Il a vaguement - mais vraiment vaguement hein - l'impression de s'être fait avoir. Mais bon, si Kurt sait se faire pardonner - et il est bien parti pour ! - il pourrait se montrer clément.

- La prochaine fois, viens directement me voir, on arrangera ça.

Traduction : la prochaine fois que tu veux qu'on se planifie des vacances tous frais payés par Orpheo, viens me voir. Bouh, hiérarchie corrompue.
Kurt vient l'embrasser avec force, provoquant une réponse similaire de la part de son camarade. Et quelque part au milieu de leur échauffement mutuel vient l'exclamation de la protection qui devrait servir sous peu. Suivi de l'effeuillage mutuel en règle. Edwin en profite pour pousser gentiment Kurt vers le lit qui n'attendait que cela. Mais son exclamation de joie est couverte par celle de la protection dans il était question juste avant et donc ils ont visiblement atteint un angle où elle peut en fait voir :

- OH MON DIEU DES GAYS MON FANTASME, YES !

...
Y'a des jours où Ed a juste envie de se placer dans un emo corner et de pleurer toutes les larmes de son petit corps, à l'abris bien sûr des regards indiscrets qui pourraient nuire a sa réputation d'homme viril. Mais aujourd'hui, bien qu'étant depuis 1.5 secondes devenu un de ces jours, il ne peut pas. Le fantasme du préservatif est une chose qui ne peut pas surpasser le fait d'avoir son fantasme sur pattes tout à lui pour la nuit. TANT PIS. Tant pis parce qu'il peut embrasser Kurt. Tant pis parce qu'il peut le toucher tout partout et que c'est complètement autorisé. Tant pis parce que quelque part dans tout ça, il a même gagné une relation, la première depuis longtemps. Tant pis enfin parce que Kurt a cette déconcertante habilité à lui faire oublier tout le reste, juste comme ça. La nuit ne fait que commencer.

Au fait, non, mesdames et messieurs, il n'y a pas de kiwis sur le caleçon d'Edwin, qu'on se le dise et qu'on répande la nouvelle.
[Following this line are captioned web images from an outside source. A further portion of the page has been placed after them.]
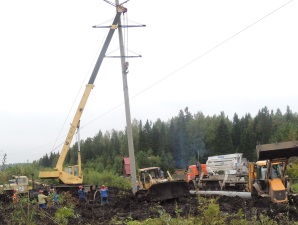 «Пермэнерго» выполнило сложную операцию по замене опоры на труднодоступном участке значимой ЛЭП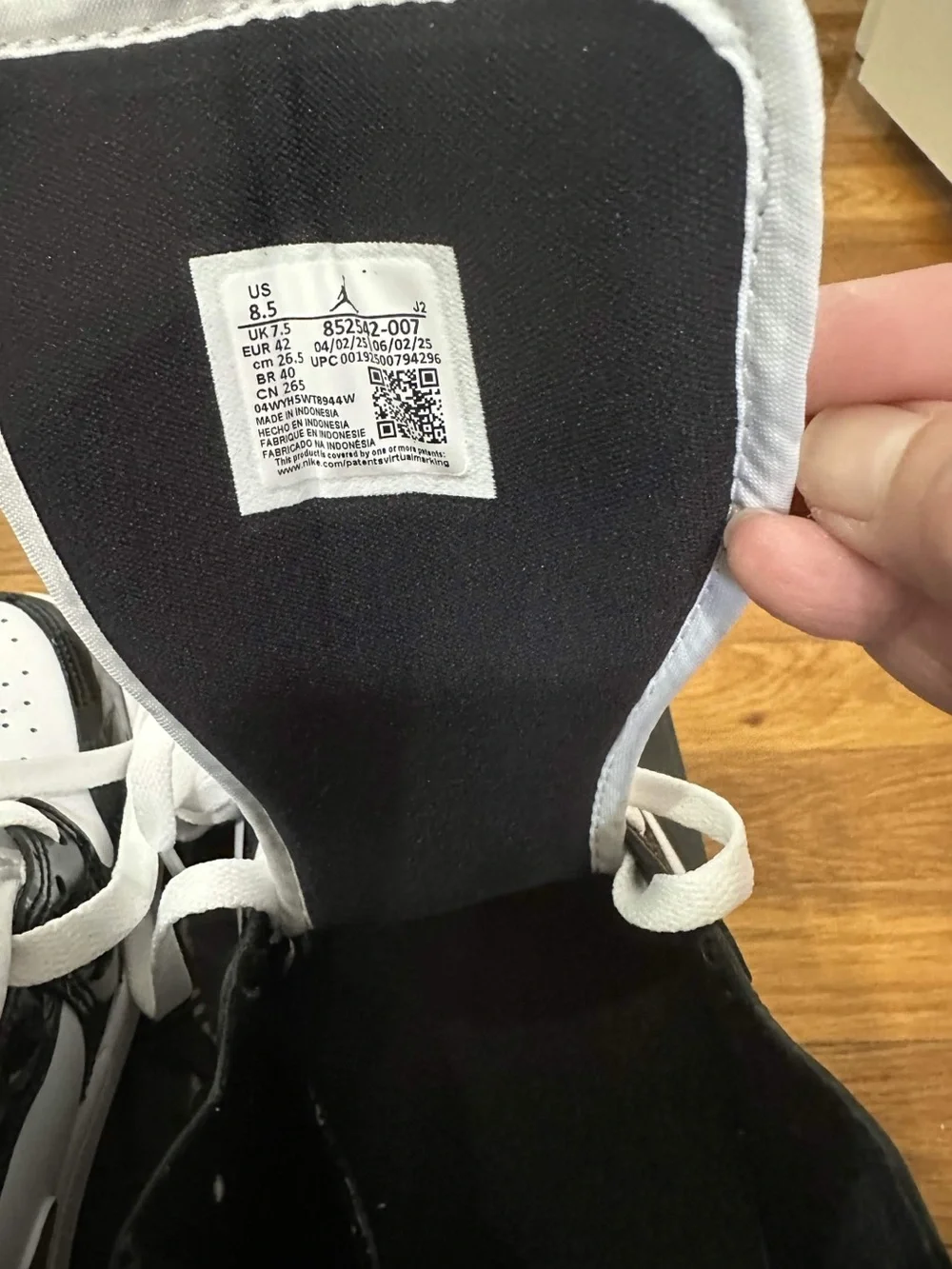 *Slightly Used* Jordan 1 Mid Men White Gold (852542-007) Size 8.5 *Damaged Box*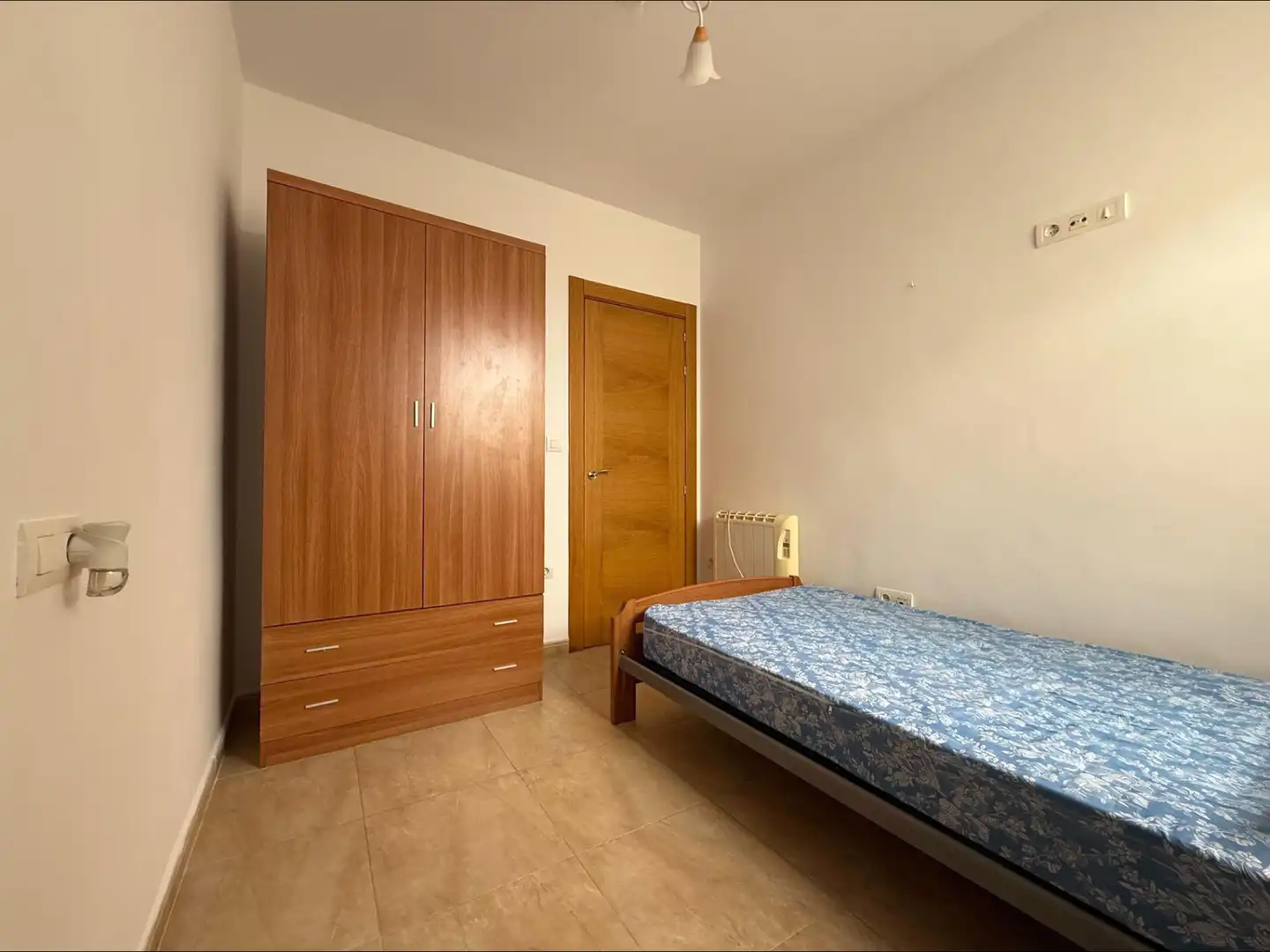 Habitación de Piso de alquiler en Albolote con Calefacción y Amueblado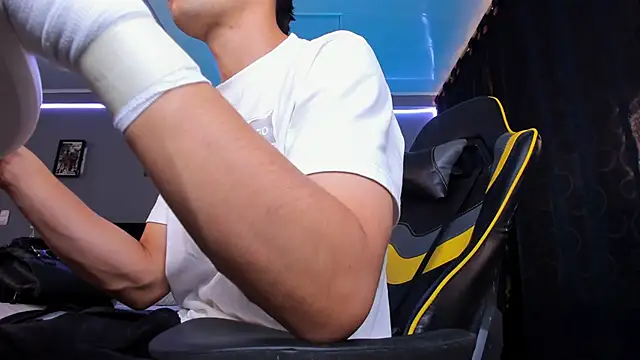 alexgiraldo   online show from 12-05-25, 08:17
Au réveil, Ed un peu déconcerté. C'est à dire que... Kurt, dans son lit ? Non pas qu'il s'en plaigne mais - Oh ! Mais oui bien sûr. Un bref mouvement a suffit a lui rappeler toute la nuit qui vient de passer. Et quelle nuit, il signe et re-signe pour en avoir d'autres comme celle-là. Sans hésitation. Et c'est juste trop bien, parce que depuis hier soir, c'est son Kurt. Dans tous les sens du terme et jusqu'à ce que l'un, l'autre ou les deux en aient marre.
A part eux, la chambre est vide - encore heureux - et Ed se sent juste parfaitement bien. Reposé malgré la nuit agitée. Et détendu, ce qui n'est franchement pas un mal. Alors il se permet d'embrasser brièvement Kurt, dans l'espoir de le réveiller au passage. Et puis il lui dit :

- Hey. Bien dormi ?

Ce n'est pas très inspiré, certes, mais loin de là l'idée de penser qu'il se sent mal à l'aise. Au contraire, la situation lui semble même parfaitement naturelle. Ce qui n'est pas sans le conforter dans l'idée que recommencer ne serait pas de refus. Tout en continuant à traîner avec l'homme plus âgé comme ils ont pris l'habitude de le faire.
En plus, il n'aura plus besoin de chercher à éviter par tous les moyens la machine des archives. Kurt en verra de belles à son prochain passage.